Dans le cadre de la mise en œuvre de la politique d’apaisement et de vivre ensemble du président de la République Son Excellence M. Faure Essozimna Gnassingbé, les jeunes fils et filles du canton de Blitta Gare ont organisé une journée de joie dédiée à la jeunesse du canton le samedi, 13 janvier 2024, sur le terrain du collège d’enseignement général (CEG) de Blitta Gare ville 1. C’est à travers des danses folkloriques visant à sceller les liens du vivre ensemble, gage de la paix et de développement durable.

Pour cette première édition, l’événement est placé sous le thème « promotion de la cohésion sociale », une initiative de la jeunesse du canton de Blitta Gare, avec sa tête, le président Frédéric Essohouna Tégbédé dit Américain. La rencontre vise à resserrer les liens du vivre ensemble pour une cohabitation sans crainte et une paix durable.
L’occasion a permis aux différents groupes de jeunes, munis des instruments de musique traditionnelle, donnant un son agréable à l’oreille, de faire leurs démonstrations de danse. On y trouvait différents groupes folkloriques avec différents rythmes de danses dont la danse Kamou, Soo, Kpadja, Kondona, Djandjagou, Takaï de la communauté Tém, la danse de la communauté Bassar, danse de la communauté Lamba, de la communauté Fon et le groupe fanfare qui, tour à tour ont fait leur démonstration de danse devant le grand public venu assister à l’événement.

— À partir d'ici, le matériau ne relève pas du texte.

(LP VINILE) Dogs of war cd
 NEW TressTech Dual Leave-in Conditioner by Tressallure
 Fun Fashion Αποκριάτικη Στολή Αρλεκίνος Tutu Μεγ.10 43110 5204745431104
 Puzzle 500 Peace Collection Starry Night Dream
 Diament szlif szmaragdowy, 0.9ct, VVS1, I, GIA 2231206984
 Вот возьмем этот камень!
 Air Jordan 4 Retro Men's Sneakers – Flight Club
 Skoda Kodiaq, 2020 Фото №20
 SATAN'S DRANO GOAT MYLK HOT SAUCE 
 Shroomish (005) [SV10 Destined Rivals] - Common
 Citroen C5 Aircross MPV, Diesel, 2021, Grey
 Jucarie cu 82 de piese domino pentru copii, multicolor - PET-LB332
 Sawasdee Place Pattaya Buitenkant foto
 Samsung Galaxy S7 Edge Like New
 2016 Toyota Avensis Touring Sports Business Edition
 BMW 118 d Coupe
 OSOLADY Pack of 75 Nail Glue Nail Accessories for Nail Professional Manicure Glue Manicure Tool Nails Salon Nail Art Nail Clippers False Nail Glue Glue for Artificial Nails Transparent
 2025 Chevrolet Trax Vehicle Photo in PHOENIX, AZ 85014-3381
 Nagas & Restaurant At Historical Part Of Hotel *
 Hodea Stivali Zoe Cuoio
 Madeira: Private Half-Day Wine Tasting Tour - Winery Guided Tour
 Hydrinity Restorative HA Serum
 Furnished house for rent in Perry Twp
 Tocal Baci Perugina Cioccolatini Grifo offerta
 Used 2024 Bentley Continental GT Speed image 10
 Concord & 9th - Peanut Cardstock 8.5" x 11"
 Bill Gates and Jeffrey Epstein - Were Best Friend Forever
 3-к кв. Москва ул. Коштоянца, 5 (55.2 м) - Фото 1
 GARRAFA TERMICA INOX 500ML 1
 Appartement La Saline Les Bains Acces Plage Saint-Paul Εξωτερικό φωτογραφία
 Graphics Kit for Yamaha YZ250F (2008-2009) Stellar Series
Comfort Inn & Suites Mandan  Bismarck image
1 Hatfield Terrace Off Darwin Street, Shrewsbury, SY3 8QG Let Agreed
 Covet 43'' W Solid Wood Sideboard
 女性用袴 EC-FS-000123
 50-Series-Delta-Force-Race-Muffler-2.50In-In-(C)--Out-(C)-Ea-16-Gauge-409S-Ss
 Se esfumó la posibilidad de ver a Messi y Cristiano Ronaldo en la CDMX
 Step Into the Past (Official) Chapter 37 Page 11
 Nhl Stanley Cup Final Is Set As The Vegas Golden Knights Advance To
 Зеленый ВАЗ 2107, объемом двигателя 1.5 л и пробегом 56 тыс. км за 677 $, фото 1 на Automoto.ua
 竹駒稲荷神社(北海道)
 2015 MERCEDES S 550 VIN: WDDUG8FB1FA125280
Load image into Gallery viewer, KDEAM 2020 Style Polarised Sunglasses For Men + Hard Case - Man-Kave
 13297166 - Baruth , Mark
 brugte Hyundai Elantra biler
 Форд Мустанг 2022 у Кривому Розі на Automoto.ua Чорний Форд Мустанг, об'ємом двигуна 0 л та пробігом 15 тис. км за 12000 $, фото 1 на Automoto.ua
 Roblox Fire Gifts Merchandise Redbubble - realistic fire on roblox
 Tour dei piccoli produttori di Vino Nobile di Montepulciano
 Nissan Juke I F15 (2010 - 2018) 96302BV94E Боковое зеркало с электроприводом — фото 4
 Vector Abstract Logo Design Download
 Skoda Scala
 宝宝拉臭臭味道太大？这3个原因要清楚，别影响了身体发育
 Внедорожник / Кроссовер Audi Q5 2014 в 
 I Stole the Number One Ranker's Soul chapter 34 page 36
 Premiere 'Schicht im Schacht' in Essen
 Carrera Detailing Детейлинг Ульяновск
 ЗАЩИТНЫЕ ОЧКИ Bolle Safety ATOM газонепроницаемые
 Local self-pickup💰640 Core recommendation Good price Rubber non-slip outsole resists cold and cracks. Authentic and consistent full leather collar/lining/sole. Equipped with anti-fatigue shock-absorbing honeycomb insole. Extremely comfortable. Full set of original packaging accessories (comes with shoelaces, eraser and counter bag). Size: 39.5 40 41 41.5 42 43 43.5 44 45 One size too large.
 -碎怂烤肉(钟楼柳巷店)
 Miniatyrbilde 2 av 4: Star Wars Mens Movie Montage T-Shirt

Selon le président des jeunes du Canton de Blitta Gare Frédéric Essohouna Tégbédé, la danse traditionnelle est non seulement un moyen de célébrer nos racines culturelles, mais aussi un moment de rassemblement, de partage et de joie. « … à cette rencontre, nous voulons célébrer notre histoire, nos traditions et notre identité en tant que jeunes (…), nous voulons passer par cette danse pour dire oui au vivre ensemble et à la paix, mais aussi pour honorer notre passé tout en embrassant un avenir meilleur. », a-t-il poursuivi.

Pour sa part, le maire de Blitta 1 Dazimwaï Yao Bassambadi, a salué l’initiative de cette journée de fraternité qui traduit bien le vivre ensemble, vu que Blitta est une ville cosmopolite. « … il était nécessaire qu’en ce début de l’année, toutes les communautés puissent se retrouver et fraterniser pour bâtir notre avenir à tous ». Le maire a adressé ses félicitations à l’équipe d’organisation. Il a également remercié le préfet qui a soutenu et favorisé pour que cet événement puisse avoir lieu. « Que tous ceux qui, de près ou de loin ont contribué à la réussite de cette édition soient bénis« , a-t-il conclu.
L’occasion a aussi permis à l’équipe du comité interministériel de prévention et de lutte contre l’extrémisme violent (CIPLEV), représenté par Mlle Essénam Nouvi, de passer son mot de sensibilisation sur la cohésion sociale et le vivre ensemble.

En ouvrant officiellement cette rencontre, le préfet de Blitta Batossa Boukari a, à son tour félicité la tenue de cette première édition de la danse des jeunes de Blitta Gare qui réunit les populations du canton. Il a exhorté les jeunes à ne pas se limiter à la seule édition. « … cette initiative qui a pris corps, est pour moi déjà assez vieux pour être une institution dans notre esprit. Et cette première édition est un mérite, comme nous avons toujours encouragé les jeunes à initier et donc, vous ne devez pas vous limiter à la seule édition … », a indiqué le préfet de Blitta. Le préfet a pour finir remercié les cadres aînés de Blitta à Lomé, notamment l’Honorable Atcholi Aklesso et le directeur de cabinet du ministère de l’administration territoriale, Robert Bakaï pour leur soutien. 
Démonstration de la danse KpadjaPour rappel, la danse des jeunes du canton de Blitta Gare est instituée pour se tenir désormais tous les deuxièmes samedis du mois de janvier.

L’événement s’est déroulé en présence des chefs traditionnels, des chefs des différentes communautés devant une foule en liesse.